Secrecy is the backbone of America. According to some historians’ estimates, each year, more than 500 million pages of documents are classified by the United States alone. The United States has also had a history of government agencies existing in secret for years. The National Security Agency (NSA), for example, was founded in 1952, but its existence was hidden until the mid 1960s.

Even more secretive is the National Reconnaissance Office, which was founded in 1960 but remained completely secret for 30 years. On top of that, we’ve had numerous presidents, politicians, and others tell the world a secret government exists that controls both parties and all media, and dictates government policy. The latest to acknowledge this secret group was Vladimir Putin, who described how men provide instruction to the president after they’ve been elected.
The bottom line is that this world of secrecy requires funding. And since these intelligence agencies were completely secret, that funding came from the Black Budget. This money is invested into programs that are completely exempt from disclosure to Congress. When former Canadian Defence Minister Paul Hellyer said thousands of billions of dollars have been spent on projects about which both the Congress and the Commander in Chief have been kept deliberately in the dark,” he wasn’t kidding.
Unfortunately, we don’t hear much about Black Budget programs, or about the people who investigate them. The only mainstream example comes from 2010, when Washington Post journalists Dana Priest and William Arkin spent two years investigating the Black Budget and concluded that America’s classified world has “become so large, so unwieldy and so secretive that no one knows how much money it costs, how many people it employs, how many programs exist within it or exactly how many agencies do the same work.”
This world, where trillions of unaccounted for dollars are probably ending up, is perhaps getting more attention now because, according to the Pentagon’s news service, “The Defense Department is starting the first agency-wide financial audit in its history.”
According to The Free Thought Project, beginning in 1996 all federal agencies were required by law to conduct regular financial audits, but the Pentagon has never complied. This means that, for the past 20 years, it’s never accounted for the the trillions in taxpayer funds it has spent. In fact, a 2013 investigation by Scot Paltrow for Reuters uncovered that the Pentagon has been “fudging” numbers for a long time, and it’s simply considered to be standard procedure.
The Reuters article revealed:
Linda Woodford spent the last 15 years of her career inserting phony numbers in the U.S. Department of Defense’s accounts
Every month until she retired in 2011, she says, the day came when the Navy would start dumping numbers on the Cleveland, Ohio, office of the Defense Finance and Accounting Service, the Pentagon’s main accounting agency. Using the data they received, Woodford and her fellow DFAS accountants there set about preparing monthly reports to square the Navy’s books with the U.S. Treasury’s – a balancing-the-checkbook maneuver required of all the military services and other Pentagon agencies.
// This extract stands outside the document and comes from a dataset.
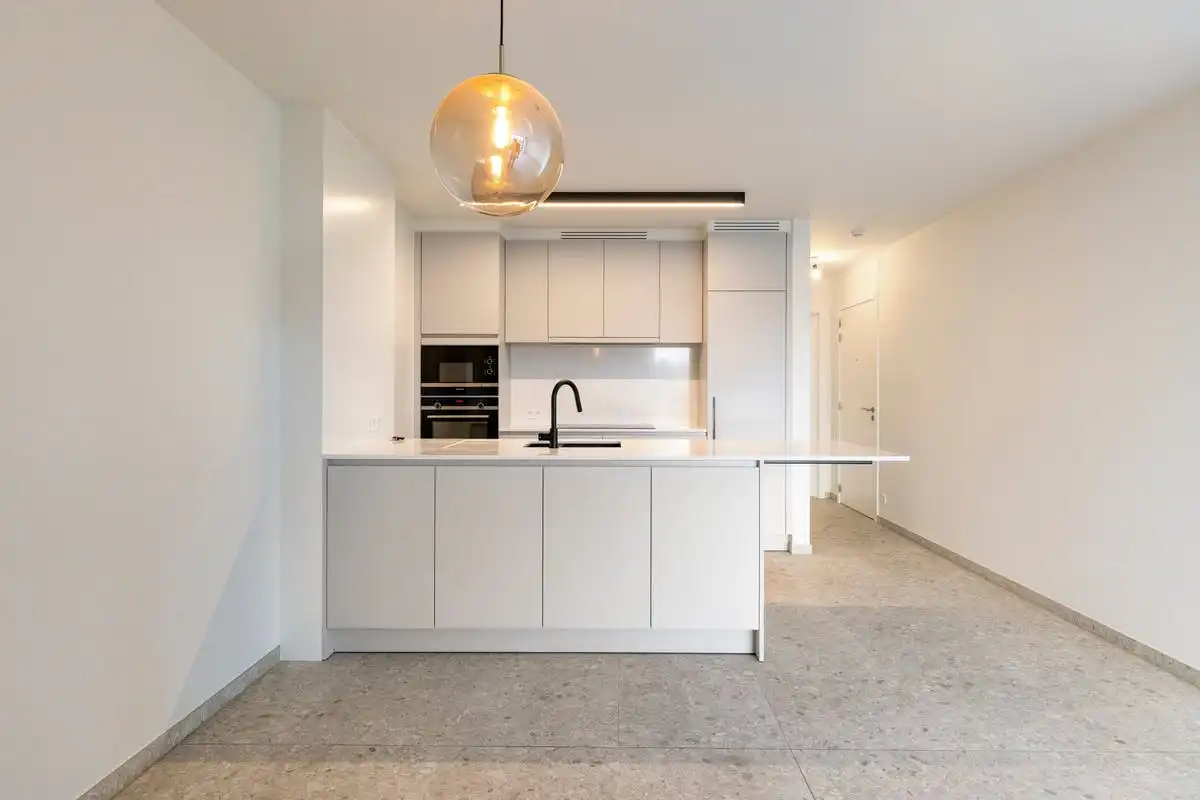  Recent één-slaapkamerappartement te koop in hartje Kortrijk foto 5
And every month, they encountered the same problem. Numbers were missing. Numbers were clearly wrong. Numbers came with no explanation of how the money had been spent or which congressional appropriation it came from. “A lot of times there were issues of numbers being inaccurate,” Woodford says. “We didn’t have the detail … for a lot of it.”
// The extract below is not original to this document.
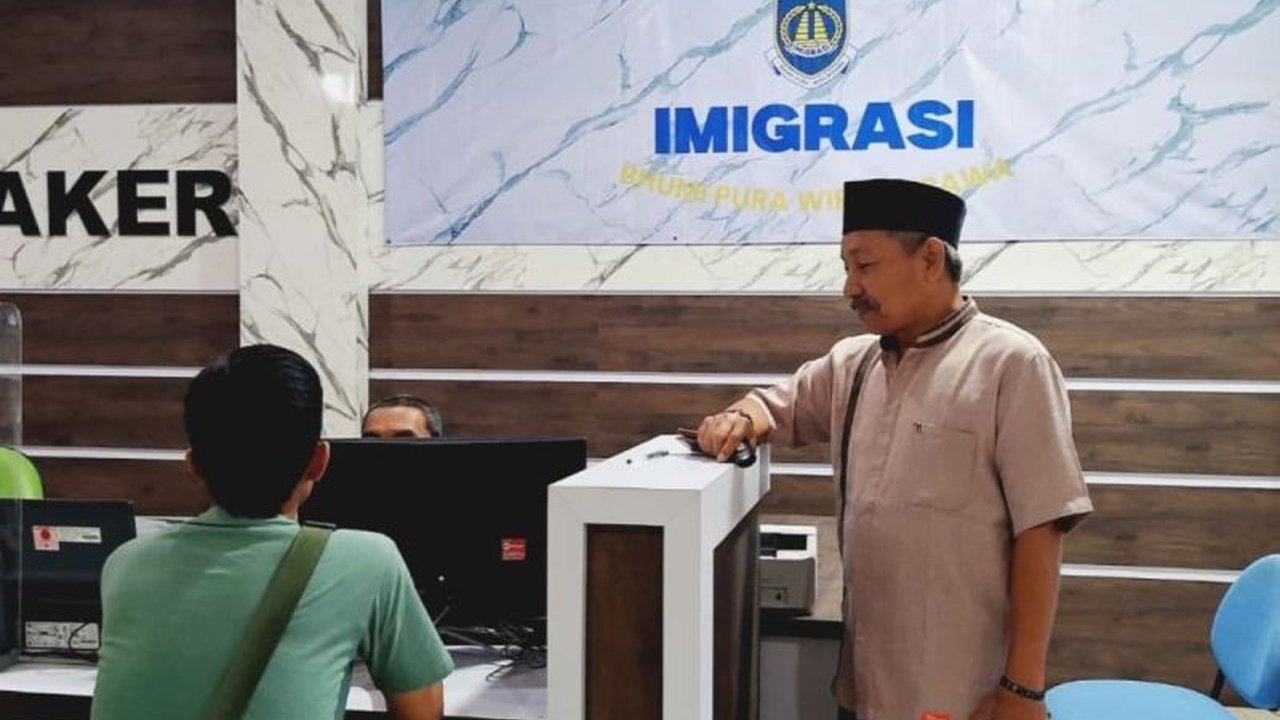 Masyarakat Rembang kini tak perlu lagi jauh-jauh ke luar kota untuk mengurus paspor. Kehadiran Layanan Imigrasi Rembang di MPP memangkas waktu dan biaya, sangat membantu calon jemaah haji dan pekerja migran.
Again, we are talking about huge sums of unaccounted for money going into programs we know absolutely nothing about. It’s not like there haven’t been any Congressional inquires into it, because this has been an ongoing problem for a couple of decades. Even former Secretary of Defense Donald Rumsfeld stated in July 2016 that “The financial systems of the department of defence are so snarled up that we can’t account for some $2.6 trillion in transactions that exist, if that’s believable.” 
That’s a lot of money.
We have been warned about this before. President Eisenhower was the first to do so, letting the world know before he ended his presidency that there exists a massive potential for the rise of misplaced power.” His predecessor, John F. Kennedy, did the same, saying that there “is a very grave danger that an announced need for increased security will be seized upon by those anxious to expand its meaning to the very limits of official censorship and concealment.” He also emphasized that he does not intend to permit this, to the extent that it’s in his control.
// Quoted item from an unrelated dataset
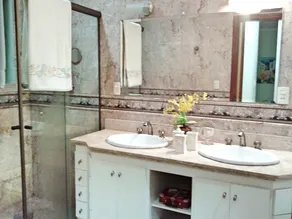 Luxurious 4-suite apartment with gourmet kitchen and large balcony overlooking the sea. - Image 2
What we’re really talking about here are Special Access Programs (SAPs). From these we have unacknowledged and waived SAPs. These programs do not exist publicly, but they do indeed exist. They are better known as ‘Deep Black programs.’ A 1997 U.S. Senate report described them as “so sensitive that they are exempt from standard reporting requirements to the Congress.”
According to Rafael Degennaro, the Director of Audit the Pentagon, over the past 20 years the Pentagon has broken every promise to Congress about when an audit would happen.
They’ve responded by claiming the audit is going to start right away, and will now occur annually.
But can these audits be trusted? After so much controversy, secrecy, and law-breaking, how can we trust these audits will square the books? It’s obvious this money has gone into programs that the world knows nothing about.
NPR is reporting that the Department of Defense’s Office of the Inspector General has “hired independent public accounting firms to conduct audits of individual components — the Army, Navy, Air Force, agencies, activities and more — as well as a departmentwide consolidated audit to summarize all results and conclusions.”  This is according to the official DoD News agency.
How do we know that the U.S. government branch responsible for the audit will not be in “cahoots” with or influenced by the Pentagon, or the tremendous power the Deep State has amassed?
The point is to recognize that our own money has been used to fund projects that nobody really knows anything about, most likely benefitting the few, to the cost of many.
The human race is going through a massive transition, and one part of that transition is becoming aware of the secrecy that’s plagued our world, and the massive potential the human race really has to change it, and create an experience where all life can thrive. This isn’t possible without transparency. Transparency is necessary, as it helps us identify problems so we can begin creating solutions and moving past experiences in our system that no longer resonate with us, the collective.